▸ Dataset excerpt

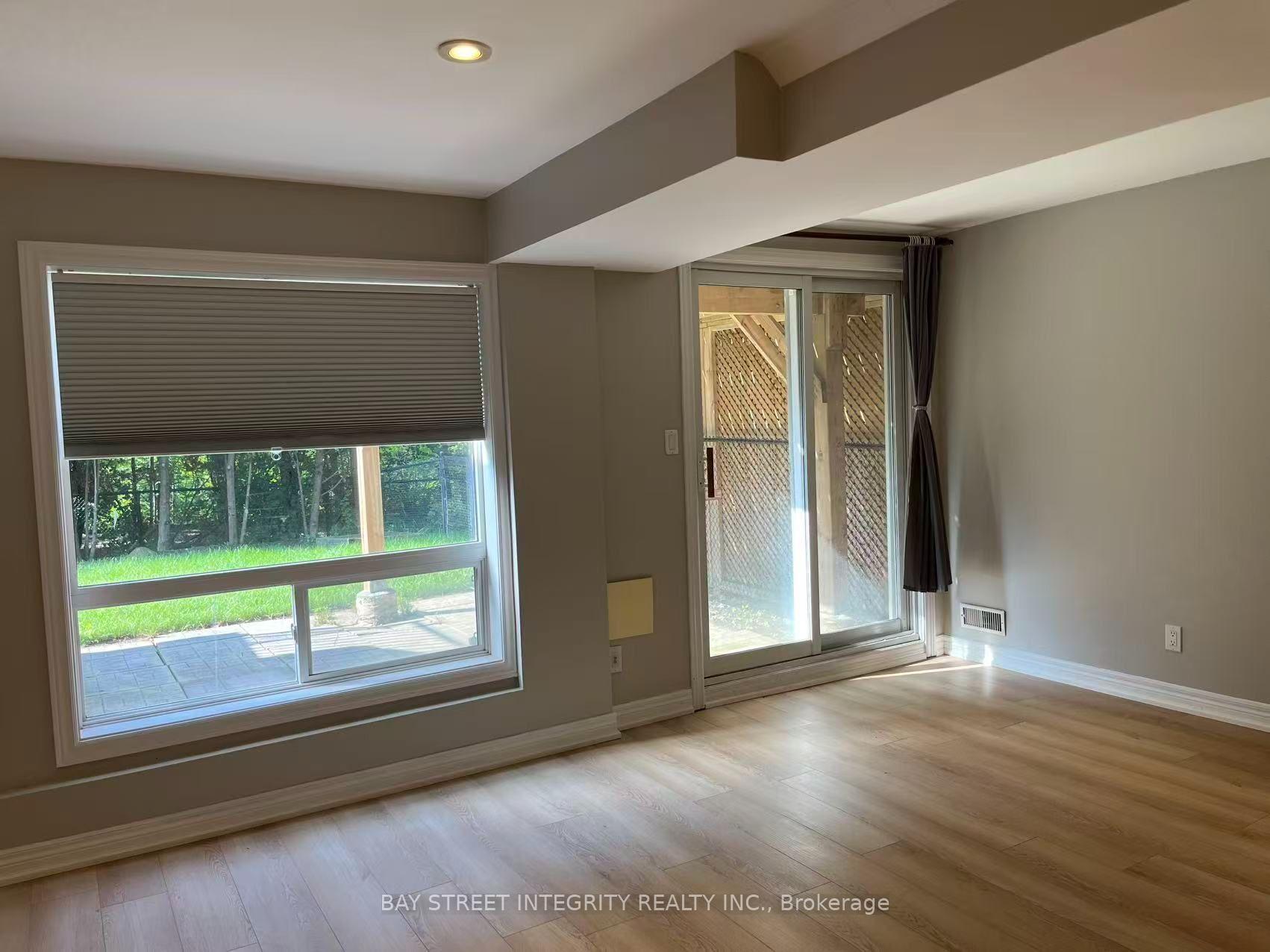 Photo 25 of 355 Ravineview Way, Oakville, Wedgewood Creek — HOMEH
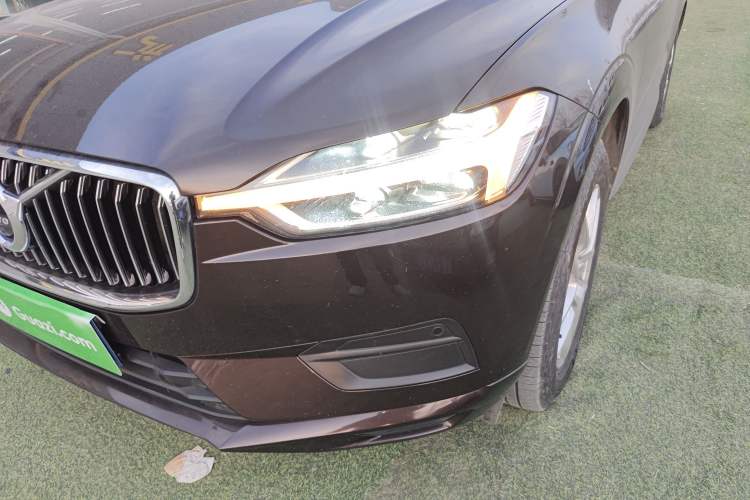 Used Volvo XC60 2019 T5 4x4 Smart Edition China V Standard
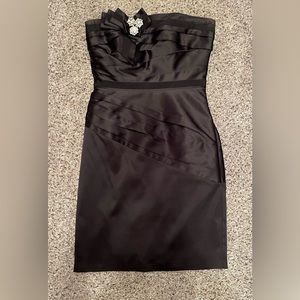 Black cocktail dress, fitted and elegant, WHBM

▸ Try it
Write out exactly the lines from the line that contains "Used Volvo XC60" through the end of the material, including both ends. No pictures belong in the copy.

▸ Your solution
 Used Volvo XC60 2019 T5 4x4 Smart Edition China V Standard
 Black cocktail dress, fitted and elegant, WHBM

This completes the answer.